WHAT THE EXERCISE ASKS:
Starting at the line below that contains "豚ハラミ黒胡椒せんじ肉 6袋セット 52g×6" and ending at the line that contains "网站功能介绍文案怎么写？这样写转化率翻4倍", retype each line exactly as it stands, but omit the pictures.

MATERIAL SHOWN:
--- --- ---
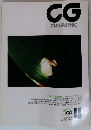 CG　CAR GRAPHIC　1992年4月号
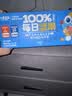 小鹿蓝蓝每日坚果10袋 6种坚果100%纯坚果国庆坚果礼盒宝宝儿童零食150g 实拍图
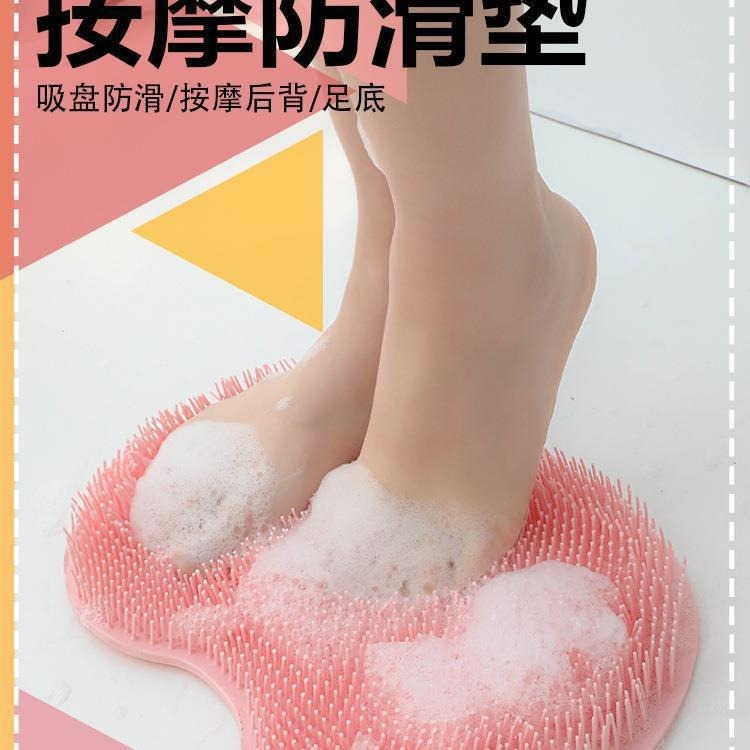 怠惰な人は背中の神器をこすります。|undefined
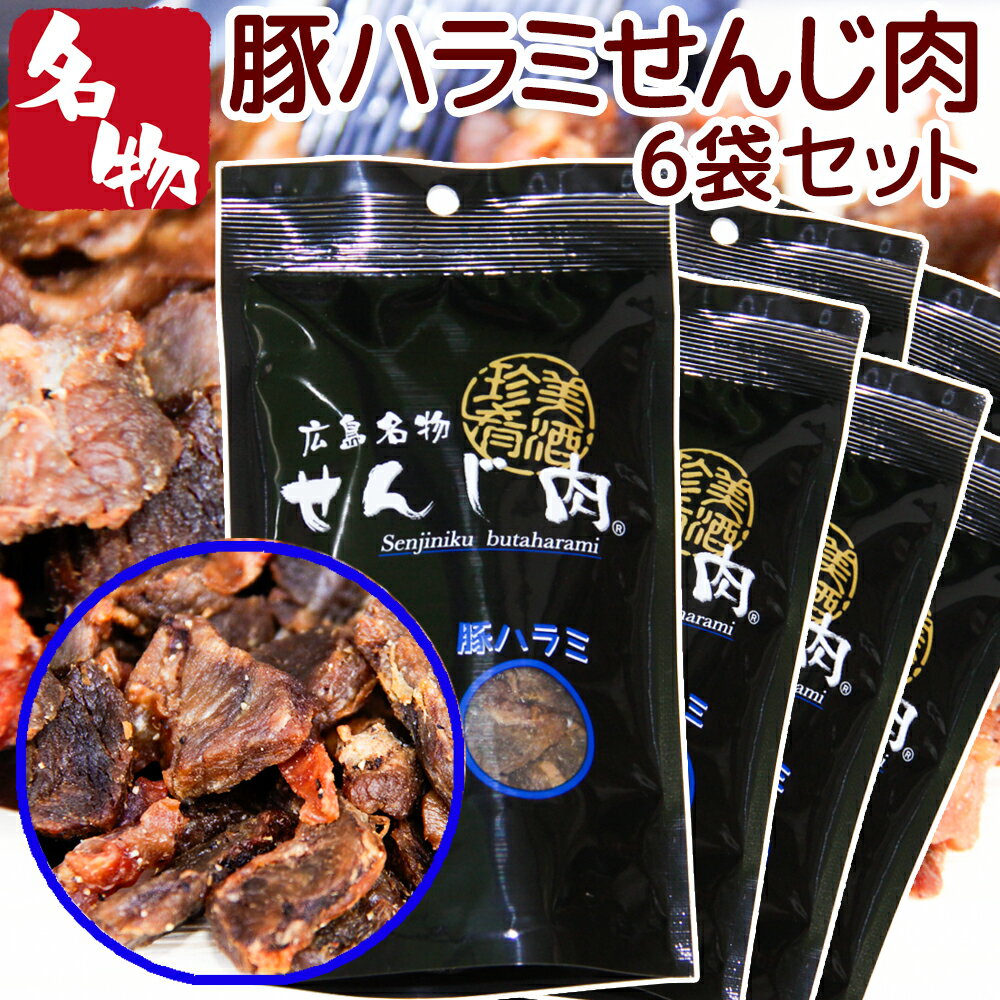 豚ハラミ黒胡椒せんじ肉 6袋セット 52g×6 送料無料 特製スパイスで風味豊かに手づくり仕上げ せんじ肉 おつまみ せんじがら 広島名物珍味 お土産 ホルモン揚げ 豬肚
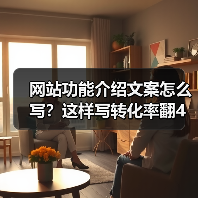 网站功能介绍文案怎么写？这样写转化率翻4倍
--- --- ---
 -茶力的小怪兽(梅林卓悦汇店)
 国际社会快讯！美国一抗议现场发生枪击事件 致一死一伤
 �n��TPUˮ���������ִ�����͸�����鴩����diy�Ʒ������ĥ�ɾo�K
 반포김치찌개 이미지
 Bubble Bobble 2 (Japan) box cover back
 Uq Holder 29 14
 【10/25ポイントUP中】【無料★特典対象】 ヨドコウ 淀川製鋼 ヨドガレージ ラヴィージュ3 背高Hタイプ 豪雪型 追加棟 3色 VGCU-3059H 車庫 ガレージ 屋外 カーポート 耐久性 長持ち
--- --- ---
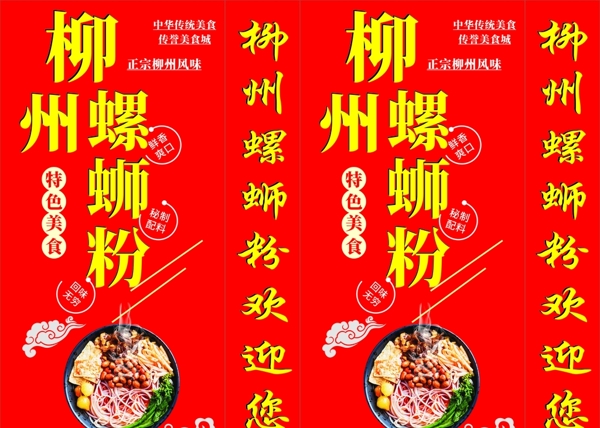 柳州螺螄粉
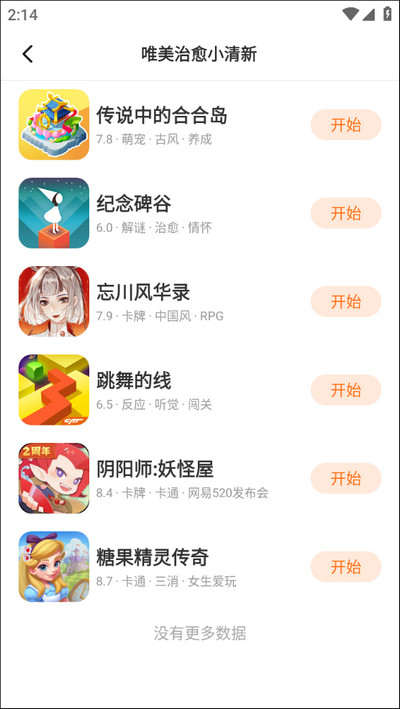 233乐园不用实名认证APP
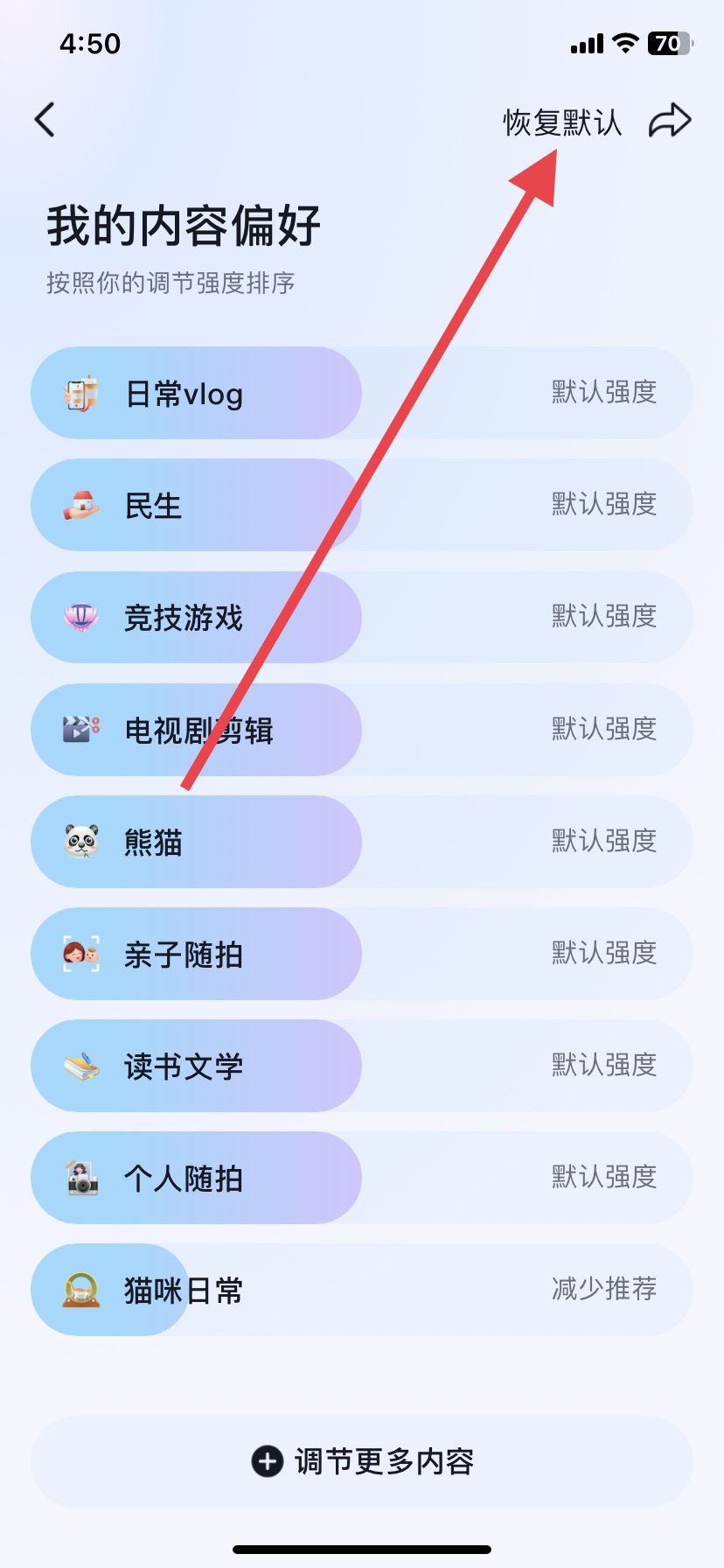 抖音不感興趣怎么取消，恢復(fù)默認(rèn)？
--- --- ---
WRITTEN RESPONSE:
 豚ハラミ黒胡椒せんじ肉 6袋セット 52g×6 送料無料 特製スパイスで風味豊かに手づくり仕上げ せんじ肉 おつまみ せんじがら 広島名物珍味 お土産 ホルモン揚げ 豬肚
 网站功能介绍文案怎么写？这样写转化率翻4倍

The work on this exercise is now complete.